**WORK INSTRUCTIONS**
Set down the data below without change, skipping the pictures it holds.
=== SOURCE DATA ===
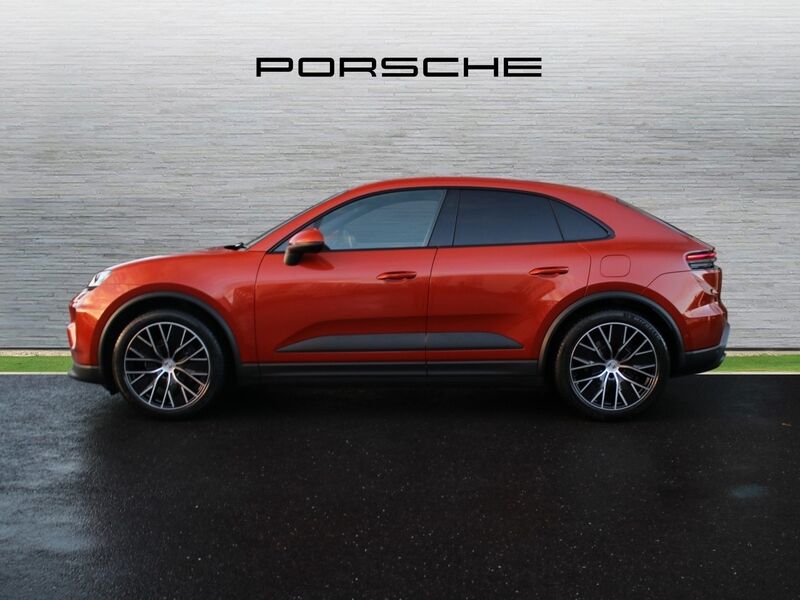 More views of Porsche Macan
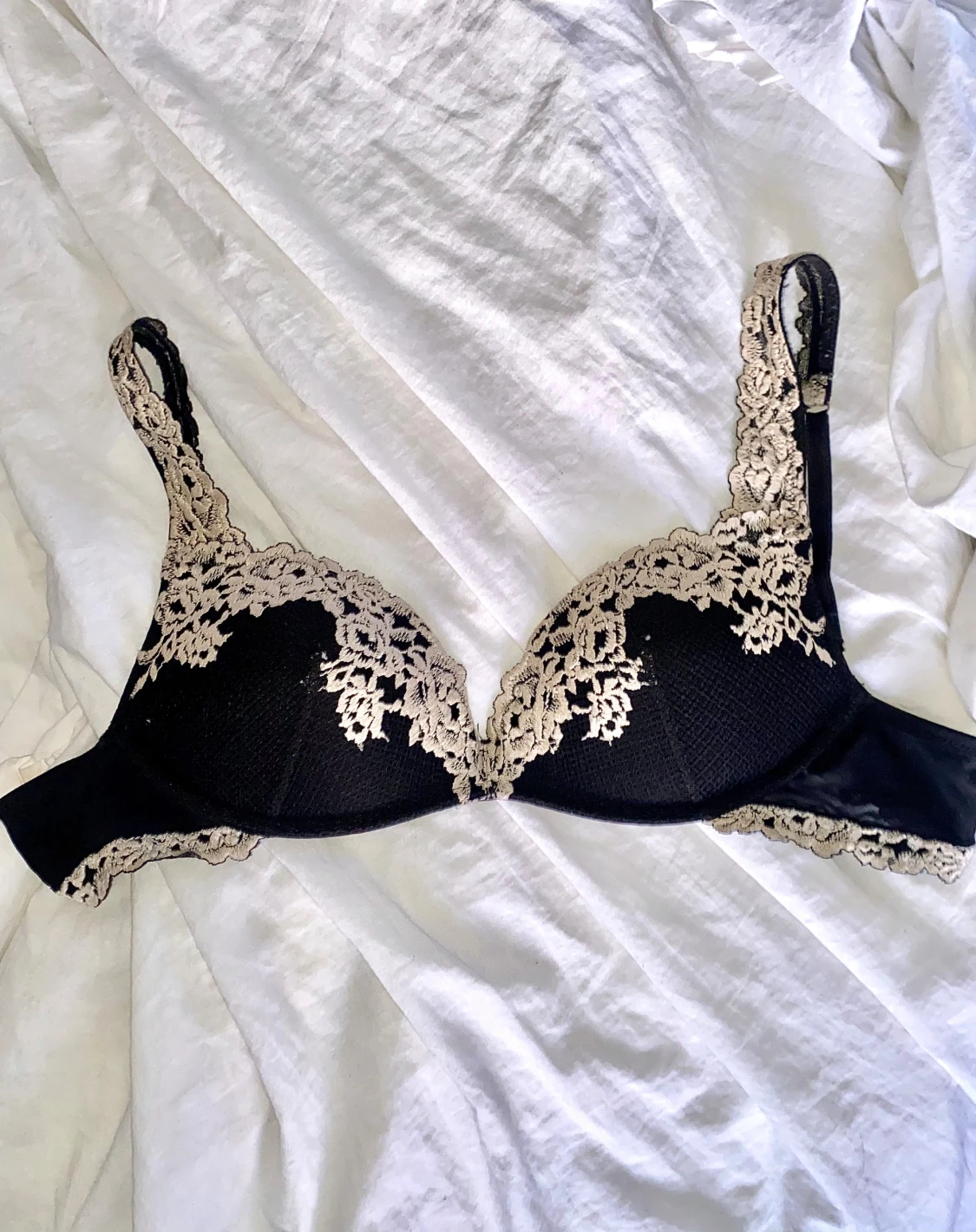 Svart intimissimi bh med vita blommor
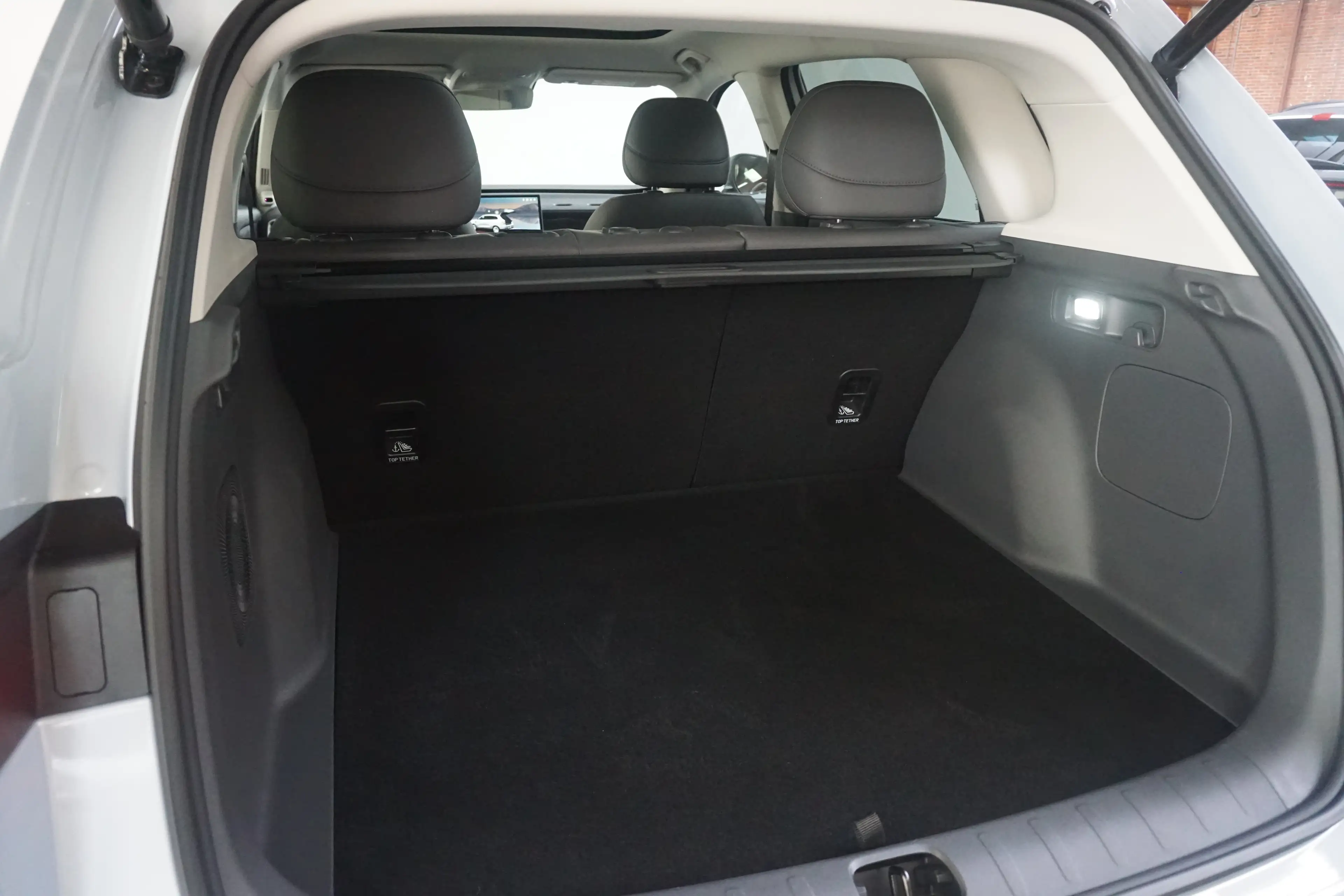 Leapmotor B10 Design ProMax 67.1 kWh — photo 29
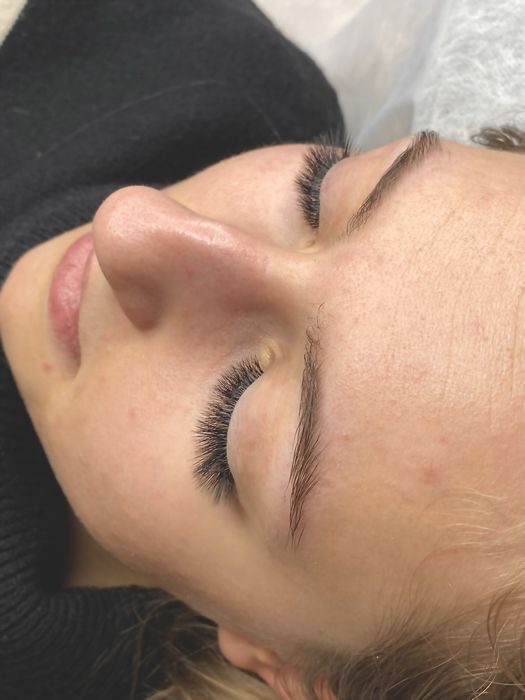 Henna brwi, przedłużanie rzęs, lifting rzęs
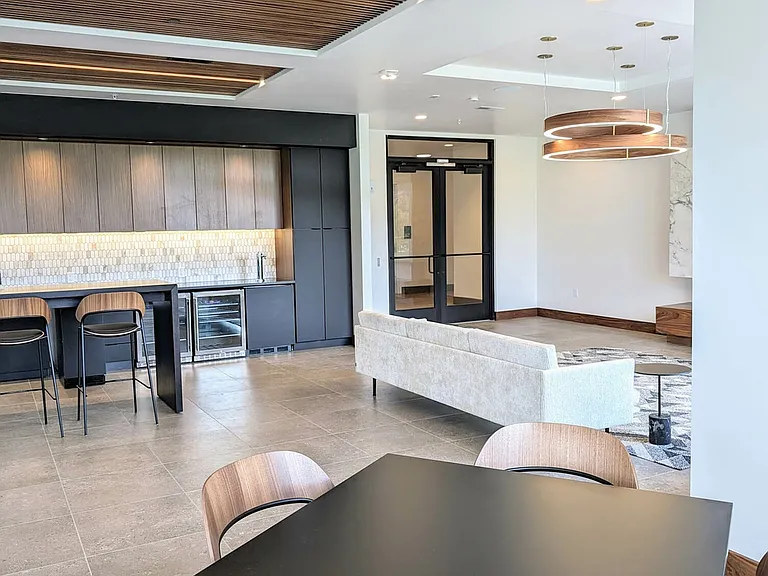 The Grandeur | Resident Lounge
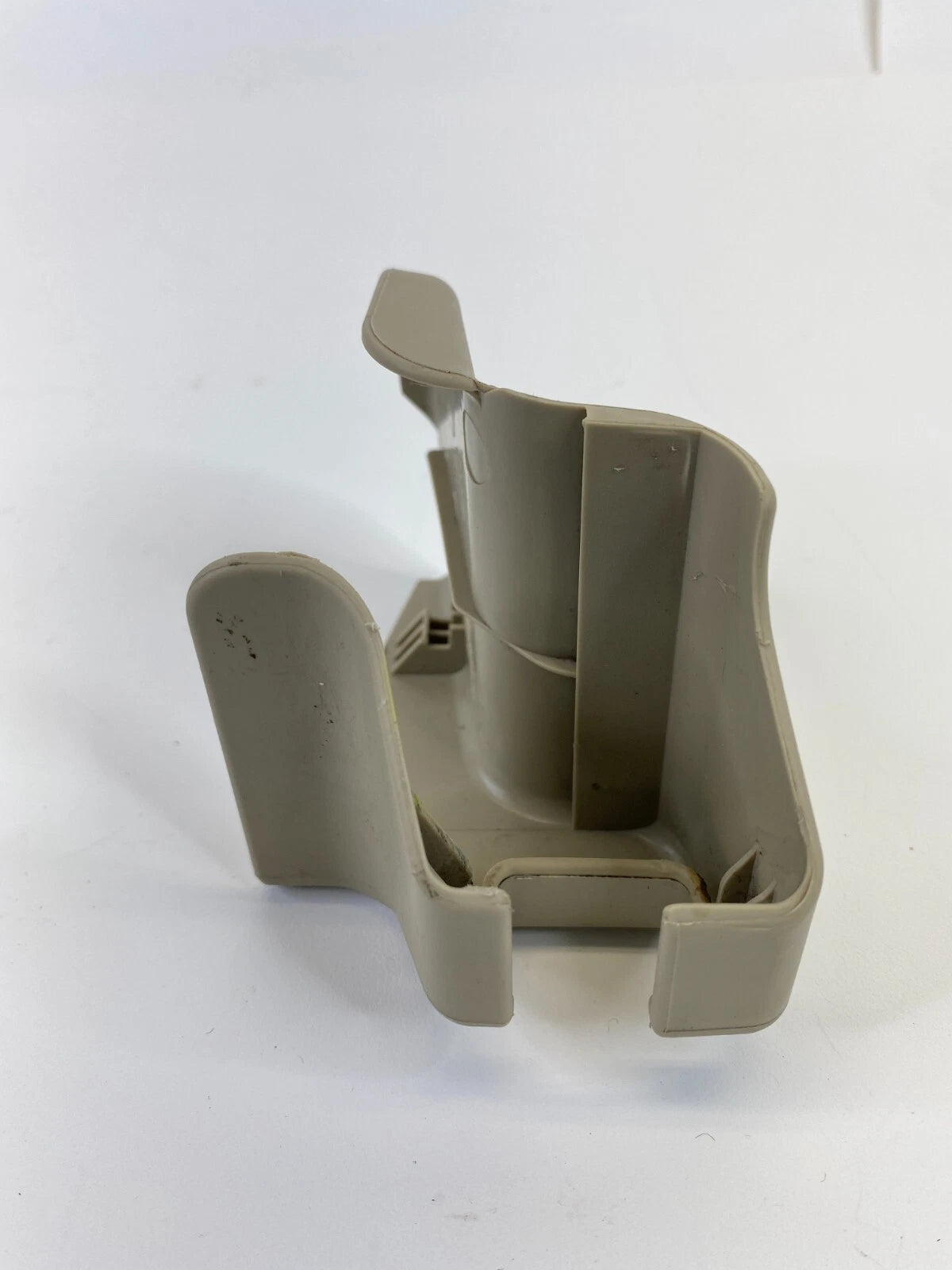 2004-2009 TOYOTA SOLARA FRONT RIGHT SEAT TRACK END COVER CAP TRIM 72157AA040 OEM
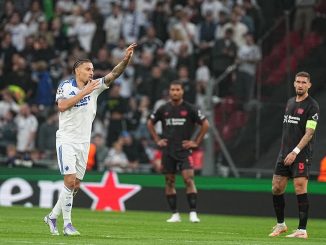 Con gol de Larsson, Copenhague ya le gana a Bayer Leverkusen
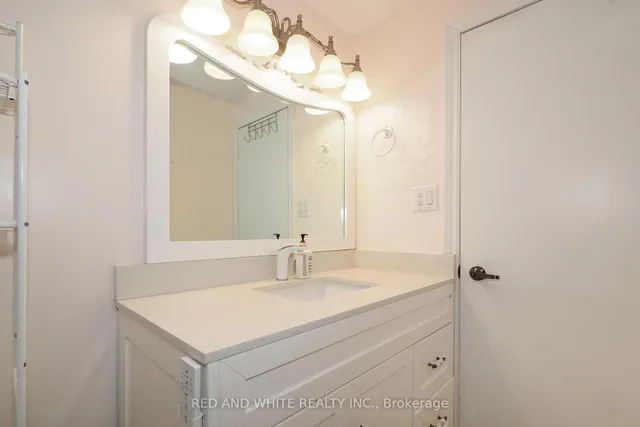 Additional image 25 of 25 Upper Canada Dr Unit 34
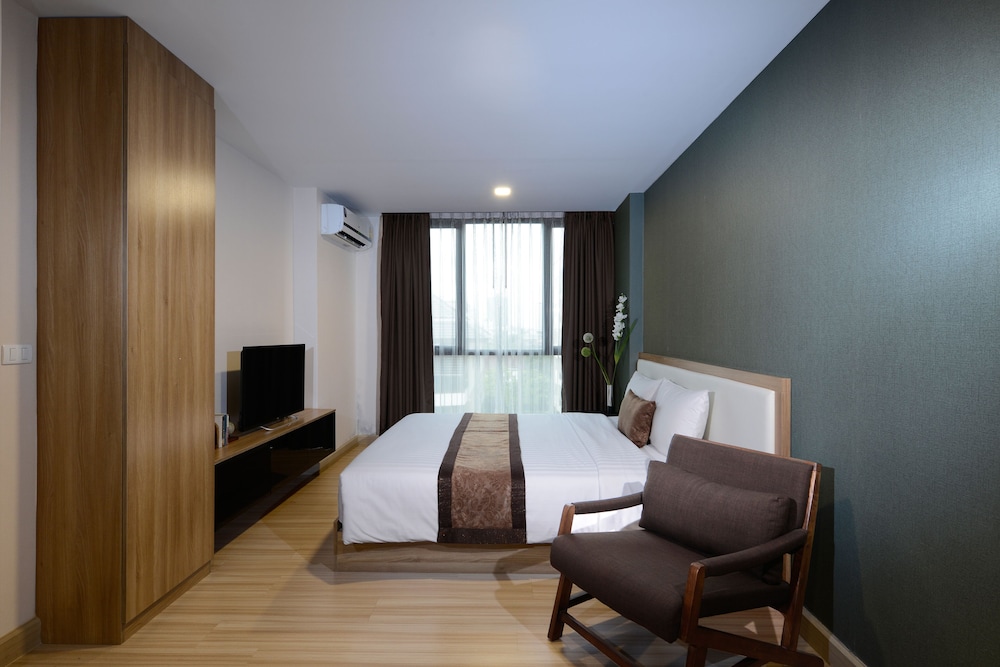 Ramada Ekamai
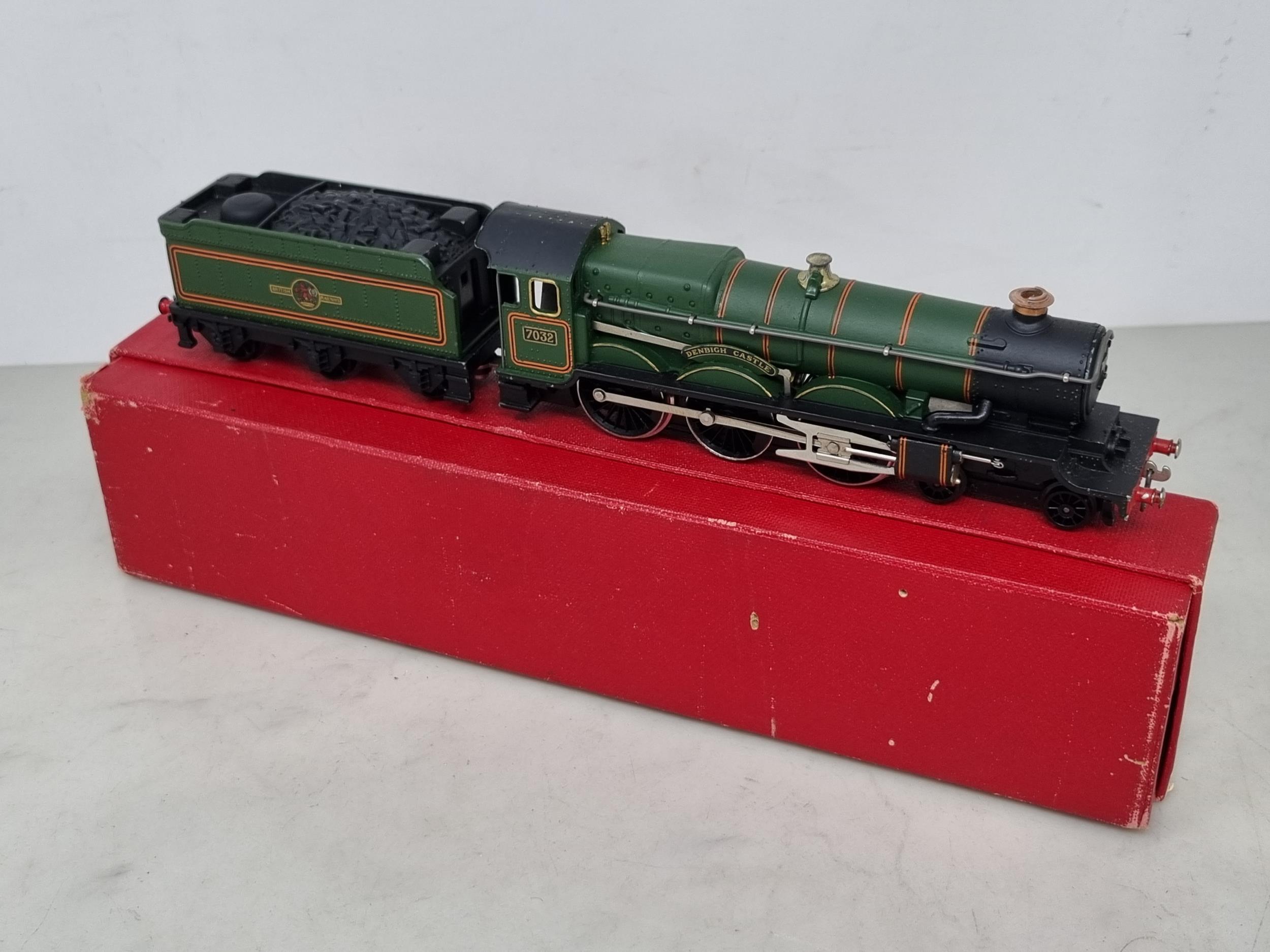 A boxed Hornby Dublo 2220 'Denbigh Castle' Locomotive, unused and in mint condition, box in superb - Image 2 of 3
===
**YOUR SOLUTION**
 More views of Porsche Macan
 Svart intimissimi bh med vita blommor
 Leapmotor B10 Design ProMax 67.1 kWh — photo 29
 Henna brwi, przedłużanie rzęs, lifting rzęs
 The Grandeur | Resident Lounge
 2004-2009 TOYOTA SOLARA FRONT RIGHT SEAT TRACK END COVER CAP TRIM 72157AA040 OEM
 Con gol de Larsson, Copenhague ya le gana a Bayer Leverkusen
 Additional image 25 of 25 Upper Canada Dr Unit 34
 Ramada Ekamai
 A boxed Hornby Dublo 2220 'Denbigh Castle' Locomotive, unused and in mint condition, box in superb - Image 2 of 3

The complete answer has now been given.